#### [Task objective]
Your job is to return the whole listing unchanged while skipping its images.

#### [Record extracts]

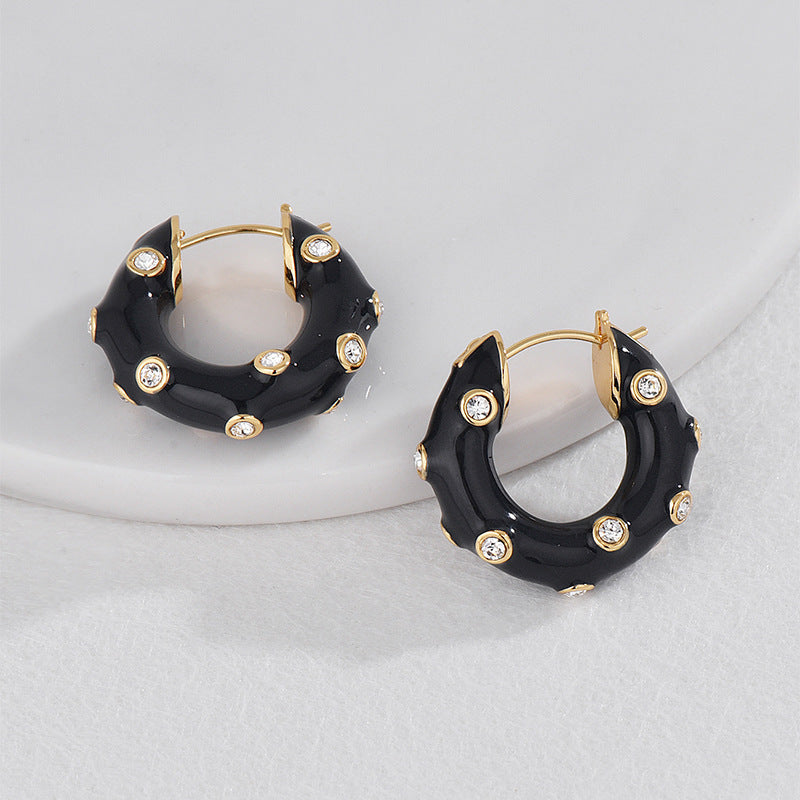 E0626 Fashionable Simple Personality Design Earrings for Women Black Resin Inlaid with Zircon Versatile Hoop Earrings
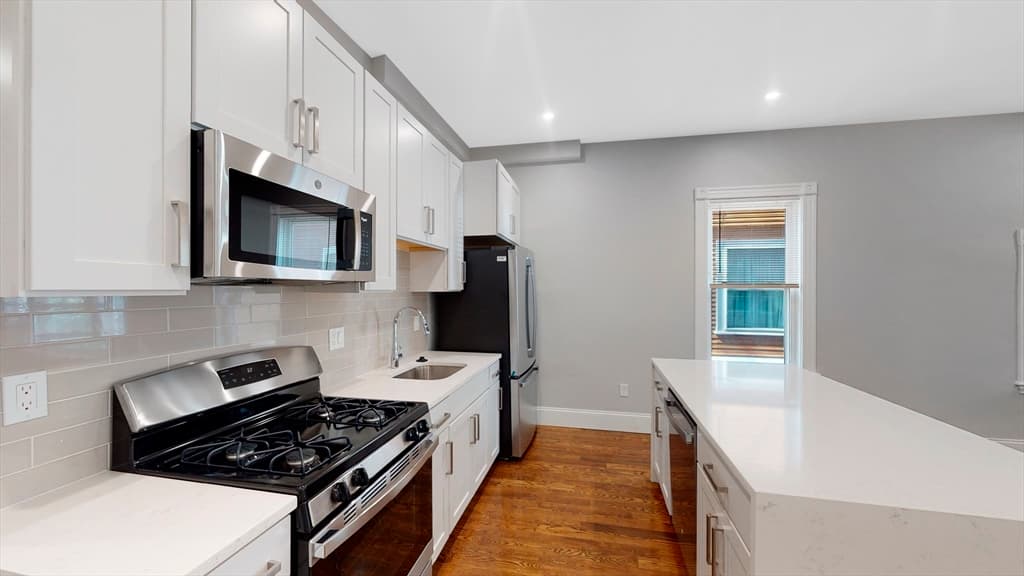 20 Mayfield Street #1 photo 4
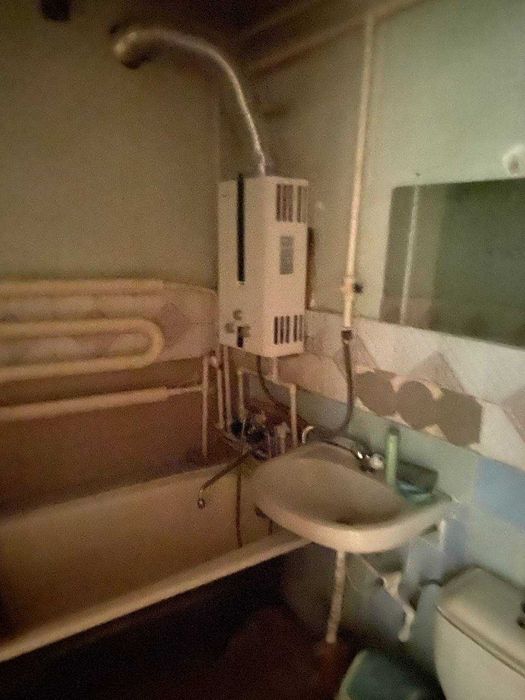 Продается квартира на первом этаже 2+1 как трехкомнатная: 33 000 у.е ...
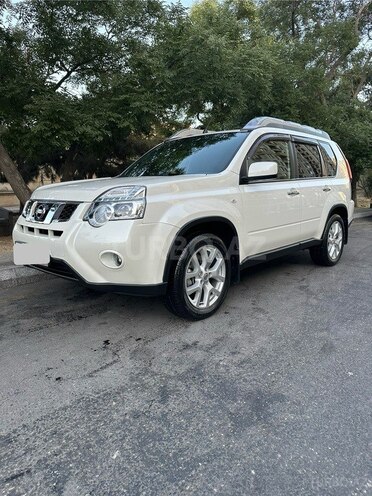 Nissan X-Trail 2014, 80,000 km - 2.5 l - Bakı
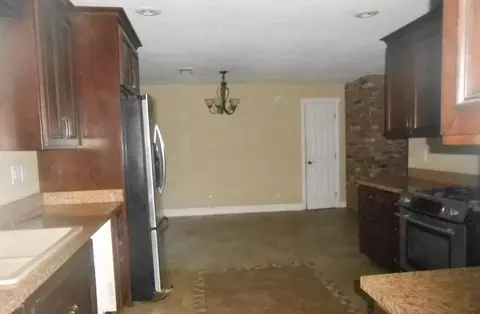 1914 Canyon Rd, Redding, CA 96001 photo 7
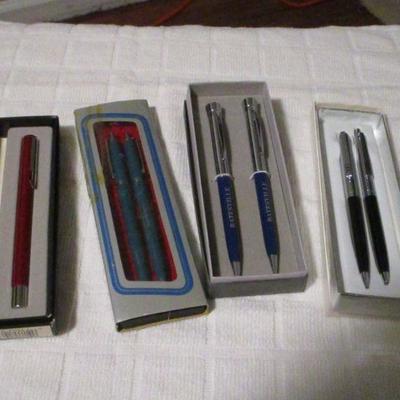 Lot 233 - Variety of Pens - Paper mate Garland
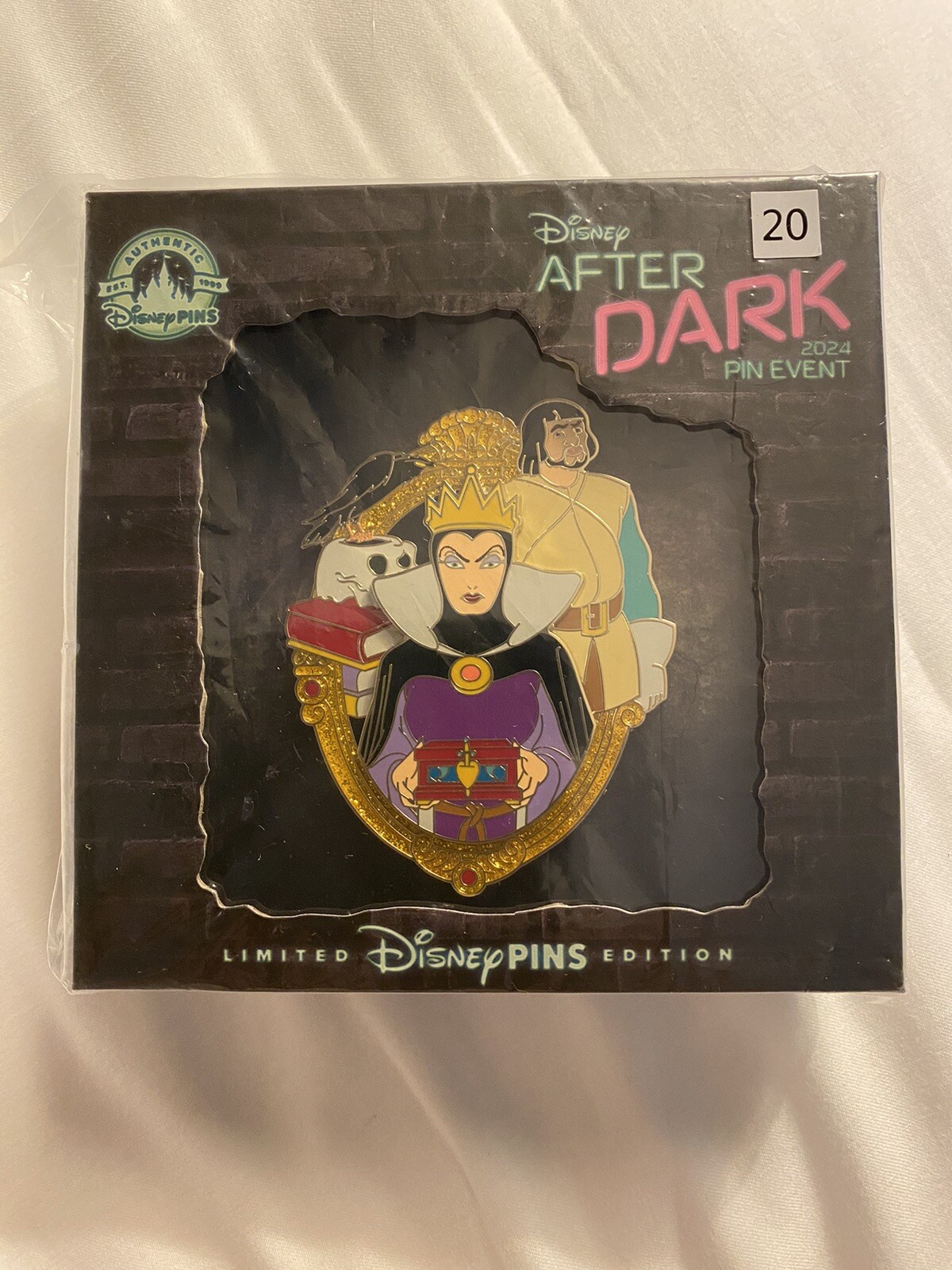 2024 Disney After Dark Pin Event Villains Cluster Evil Queen & Huntsman LE 500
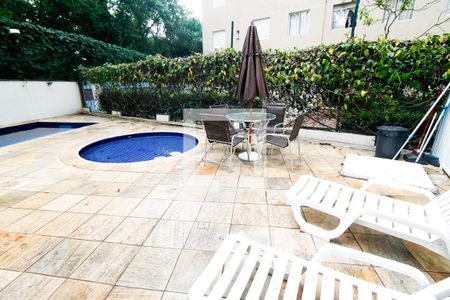 Apartamento para alugar com 50m², 2 quartos e 1 vaga Apartamento para alugar com 50m², 2 quartos e 1 vagaÁrea comum - Piscina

#### [Response to the task]
 E0626 Fashionable Simple Personality Design Earrings for Women Black Resin Inlaid with Zircon Versatile Hoop Earrings
 20 Mayfield Street #1 photo 4
 Продается квартира на первом этаже 2+1 как трехкомнатная: 33 000 у.е ...
 Nissan X-Trail 2014, 80,000 km - 2.5 l - Bakı
 1914 Canyon Rd, Redding, CA 96001 photo 7
 Lot 233 - Variety of Pens - Paper mate Garland
 2024 Disney After Dark Pin Event Villains Cluster Evil Queen & Huntsman LE 500
 Apartamento para alugar com 50m², 2 quartos e 1 vaga Apartamento para alugar com 50m², 2 quartos e 1 vagaÁrea comum - Piscina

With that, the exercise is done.